Scrambling up the bank of the Tanana River south of Fairbanks, Theresa Hollingsworth was looking for examples of how the forest recovers after a wildfire. She found an unexpected sweet surprise.

“Blueberries!” she yelled from the banks.

Gathering handfuls, she instantly planned a return trip later in the week to go picking. “You fill your freezer with as many berries as you can.”

It’s a way of life for many Alaskans, said Hollingsworth, a research ecologist with the U.S. Forest Service’s Pacific Northwest Laboratory. People have favorite—often secret—berry spots they go back to year after year. They also hunt and fish, stocking freezers with moose and salmon and other game.

For many Alaskans, summer is time to stock freezers with blueberries. Credit: NASA/Kate Ramsayer
For many Alaskans, summer is time to stock freezers with blueberries.
Credit: NASA/Kate Ramsayer

Many of the rural villages in this giant state—more than twice the size of Texas—aren’t connected with roads, said Todd Brinkman, an assistant professor at the University of Alaska, Fairbanks.

“The road network for a lot of these rural communities is on the rivers, or trail networks through the woods,” he said. “That’s their access to the grocery stores—grocery stores being the forests around them.”

But many residents are reporting that the changing environment is creating obstacles to how they reach these resources. So Brinkman and Hollingsworth are working on a research project with the NASA-funded Arctic Boreal Vulnerability Experiment, or ABoVE, to investigate how access to game, berries, and neighboring villages is changing in a warming climate.

In March, Brinkman gave camera-equipped GPS units to subsistence hunters in eight or so villages across Alaska. Over the next year, the residents will document anything that blocks or hinders their travel, whether it’s an early thaw of river ice, a wildfire, a trail sunk by thawing permafrost or something the researchers haven’t yet thought of.

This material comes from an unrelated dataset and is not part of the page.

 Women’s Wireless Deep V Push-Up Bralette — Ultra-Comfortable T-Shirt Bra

“We’re letting the subsistence users really drive the research,” Hollingsworth said.

In one area, for example, women were wary of collecting blueberries in their traditional spot, since a wildfire had torn through and left dead trees in danger of toppling over. Wildfires can also change the types of plants that grow back, which in turn could impact the wildlife as well as the people living nearby.

Scientist looks at plants.
Theresa Hollingsworth examines the moss and lichens on a forest floor. Credit: NASA/Kate Ramsayer

Rural residents have also noted changes to the rivers, Brinkman said. People boat along rivers in summer and use them as a snowmachine trail in winter, but the in-between periods while the ice is breaking up or forming make travel incredibly difficult. If a warming climate means early ice break-up, it’s significant to people who depend on that river, he said.

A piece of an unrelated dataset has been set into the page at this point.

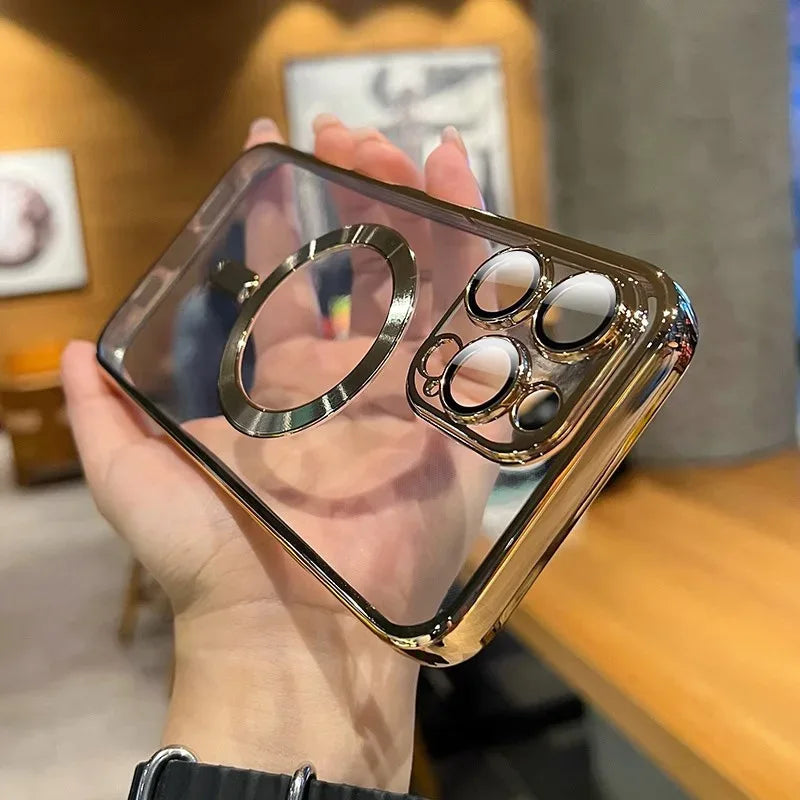 QIXTWO Luxury Magnetic Plating Clear Case - ShopHub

The character of some rivers is also changing. Residents are noting that the permafrost in the banks is thawing, leading to erosion. More erosion means wider rivers, which also means shallower rivers.

“Where the permafrost is exposed, it’s challenging navigating on a lot of these river systems,” Brinkman said.

A river.
The Tanana River south of Fairbanks, Alaska. For many rural residents, rivers are an important transportation route.
Credit: NASA/Kate Ramsayer
A riverbank.
Brinkman looks at a riverbank of thawing permafrost, which is dripping water and sending clumps of soil into the river. Credit: NASA/Kate Ramsayer

After a year’s worth of these disturbances are recorded, Hollingsworth and others will examine the sites. They’ll analyze remote sensing images, including those from Landsat satellites, for before-and-after comparisons. They’ll visit the site, inventory the ground cover and trees and take soil samples and other measurements to get a sense of what is happening with the ecosystem. The researchers can also use remote sensing images to relate changes to access in one place to changes that could be happening in similar ecosystems.

And they’ll talk with the residents about how these changes are impacting their everyday lives, Brinkman said. “We’ll start to understand the types of disturbances we should dig into.”